La miró, reparando en el brillo acerado de sus ojos.

–Estoy seguro de que Chaz lleva camino de enamorarse de ella –reconoció él, fríamente–. Al fin y al cabo, esa es su costumbre.

Liza frunció los labios.

–¿Se enamora muy a menudo?

–Más que yo.

–Ah –se cruzó de brazos–. ¿Es una advertencia?

–No pretendía serlo –dijo, aunque era consciente de que su respuesta no era del todo cierta.

–No te preocupes –le aseguró ella–. No corro ningún peligro de enamorarme de ti.

–No me hacía ninguna ilusión al respecto –replicó, tenso.

–Bueno, es un alivio –murmuró Liza–. Y yo que estaba preocupada de que te hubieras marchado corriendo de Netherhall con el corazón destrozado…

Fausto no supo si sentirse divertido u ofendido por su absurdo comentario.

–Créeme cuando te digo que no fue ese el caso.

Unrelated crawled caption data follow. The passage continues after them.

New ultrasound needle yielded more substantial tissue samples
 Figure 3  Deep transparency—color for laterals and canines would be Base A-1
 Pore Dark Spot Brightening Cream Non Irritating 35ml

–No, claro –repuso ella en voz baja. Por un instante la máscara pareció caerse y una expresión insoportablemente triste desfiló por su rostro, lo cual fue incluso peor que su furia–. En realidad nunca lo pensé.

La puerta del despacho se abrió en aquel momento y apareció Henry, con una enorme sonrisa en su arrugado rostro.

–¡Fausto! ¡Qué alegría verte después de tanto tiempo!

Se levantó del sillón y le estrechó la mano ante la mirada un tanto desconfiada de Liza, que forzó sin embargo una sonrisa cuando el anciano se volvió hacia ella.

–Liza, insisto en que te tomes el resto de la tarde libre. He reservado una mesa en el Dorchester para que tomemos té los tres juntos.

–¿Qué…? –exclamó alarmada–. Oh, Henry, no creo que…

–Insisto firmemente en ello –sonrió, firme, de manera que ella no tuvo más remedio que ceder.

Fausto tampoco se molestó en objetar: bien podría soportar una hora de conversación con Liza. Quizá eso le proporcionara la oportunidad de suavizar las cosas con ella e incluso de disculparse por el beso. Era lo más honesto que podía hacer para dejar atrás aquel asunto… algo que, por lo demás, tampoco resultaba indispensable, dado que dudaba que volvieran a verse.

Y, sin embargo, mientras Henry cerraba el local y salían a la helada tarde otoñal, Fausto fue lo suficientemente sincero como para reconocer que se estaba engañando a sí mismo si pensaba que era esa la única razón por la que había aceptado tomar aquel té con Liza. Porque la verdad era que, simplemente, estaba disfrutando demasiado de la sensación de volver a estar con ella.